Century: Spice Road
- Century: Spice Road box cover
- Players: 2-5
- Playing time: 30-45 minutes
- Skills: Strategy

= Century: Spice Road =

Tabletop strategy game

Century: Spice Road is a 2017 table-top strategy game designed by Emerson Matsuuchi and distributed by Plan B Games. The game is a simulation of fifteenth-century spice trading, and each player competes for points as they buy and sell spices represented by colored cubes.

==Gameplay==
Each turn, a player will play a card, buy a card, or take back into their hand cards they had previously discarded. By doing so, the player builds a hand of cards that enable the player to collect or upgrade spices to fill orders that score points for the player.

==Reception==
The game has received positive reviews. The Guardian calls Century: Spice Road "slick and fast-paced," noting also that the game's "speed and simplicity mask some real depth." Owen Duffy of Ars Technica calls it a "tight, brain-teasing card game." The New Indian Express describes the game as "clever," also praising the game's pace, a facet encouraged by the focus on series of small, quick decisions as opposed to offering many options to consider simultaneously. The game currently holds a rating of 7.4 on the website BoardGameGeek.

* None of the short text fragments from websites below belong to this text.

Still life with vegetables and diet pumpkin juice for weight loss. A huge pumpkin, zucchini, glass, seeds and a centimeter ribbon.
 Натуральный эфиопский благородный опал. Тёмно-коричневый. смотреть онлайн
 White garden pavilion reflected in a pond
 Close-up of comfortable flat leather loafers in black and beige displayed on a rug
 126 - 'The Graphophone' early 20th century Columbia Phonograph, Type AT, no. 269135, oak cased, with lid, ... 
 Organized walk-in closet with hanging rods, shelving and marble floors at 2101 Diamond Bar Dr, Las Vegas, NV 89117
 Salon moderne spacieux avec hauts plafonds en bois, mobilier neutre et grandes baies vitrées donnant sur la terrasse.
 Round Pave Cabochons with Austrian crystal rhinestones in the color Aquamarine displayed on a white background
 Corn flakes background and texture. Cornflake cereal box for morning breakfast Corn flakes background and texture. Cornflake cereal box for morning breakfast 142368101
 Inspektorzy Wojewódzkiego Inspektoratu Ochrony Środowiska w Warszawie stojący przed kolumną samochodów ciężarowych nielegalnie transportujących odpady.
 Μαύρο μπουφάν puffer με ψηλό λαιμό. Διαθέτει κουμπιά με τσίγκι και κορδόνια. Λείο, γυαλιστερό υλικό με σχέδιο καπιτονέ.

Another review at Ars Technica states that it is "slightly more complex" than Splendor, and that it is "an absolute joy to play".

==Expansions==
Two official Century: Spice Road mini-expansions have been published as Bonus Cards Sets with unique mechanisms to introduce new strategies. In addition, Plan B Games released a re-themed version of the game titled Century: Golem Edition. In this new version, players trade crystals and compete to build golems, and it features new art and a new setting, in a fantasy world called Caravania.